Internet oublie tout

Il y a quelques mois j’ai pensé écrire un article sur une question Internet n’oublie rien ou Internet oublie tout ?

Je ne l’ai finalement pas fait par manque de temps. Je pense que c’est une bonne chose avec le recul car désormais je n’ai plus besoin de me poser la question ou de raisonner car je connais la réponse, Internet oublie tout.

Il y a plusieurs raisons à cela. On se rend compte d’un rapprochement des individus grâce à Internet et aux moyens de communication modernes. Une personne lors d’un événement, vivant sur place, connaissant le contexte, parlant la langue peut prendre une photo avec son smartphone d’un événement important et la publier ensuite sur Twitter alors qu’un journaliste aguerri ne pourra ni être aussi près ni être à un meilleur endroit pour faire cette photo. On a un rapprochement de l’information et une instantanéité de celle-ci, à tout moment et partout un événement peut se produire et on peut être averti ou notifié de cela.

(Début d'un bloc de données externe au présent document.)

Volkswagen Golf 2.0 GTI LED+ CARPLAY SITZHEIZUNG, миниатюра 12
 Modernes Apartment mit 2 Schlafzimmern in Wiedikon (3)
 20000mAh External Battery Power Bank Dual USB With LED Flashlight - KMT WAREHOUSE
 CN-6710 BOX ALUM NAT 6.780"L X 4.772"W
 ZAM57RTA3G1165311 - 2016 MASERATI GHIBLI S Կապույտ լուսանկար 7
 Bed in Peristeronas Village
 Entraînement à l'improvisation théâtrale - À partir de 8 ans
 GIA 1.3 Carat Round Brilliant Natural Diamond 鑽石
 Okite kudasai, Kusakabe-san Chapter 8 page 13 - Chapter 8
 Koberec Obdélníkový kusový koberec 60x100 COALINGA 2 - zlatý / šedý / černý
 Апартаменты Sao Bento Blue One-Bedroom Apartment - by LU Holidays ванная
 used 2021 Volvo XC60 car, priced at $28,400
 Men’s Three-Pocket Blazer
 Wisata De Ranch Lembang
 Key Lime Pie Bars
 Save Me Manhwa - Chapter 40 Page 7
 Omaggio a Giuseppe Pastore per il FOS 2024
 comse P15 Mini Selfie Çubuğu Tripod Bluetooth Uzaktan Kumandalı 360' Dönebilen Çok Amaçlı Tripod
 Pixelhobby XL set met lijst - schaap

Mais du coup on a une explosion de la masse d’information qu’on résume en général par cette phrase qui veut tout dire : Trop d’information tue l’information. L’infobésité, l’information perd de sa valeur, perd de sa visibilité lorsqu’elle est entourée de 10, 100, 1000 autres informations. C’est simple l’information importante à retenir n’est plus visible, n’est plus facile à retrouver, s’oublie plus facilement remplacée par de nouvelles informations.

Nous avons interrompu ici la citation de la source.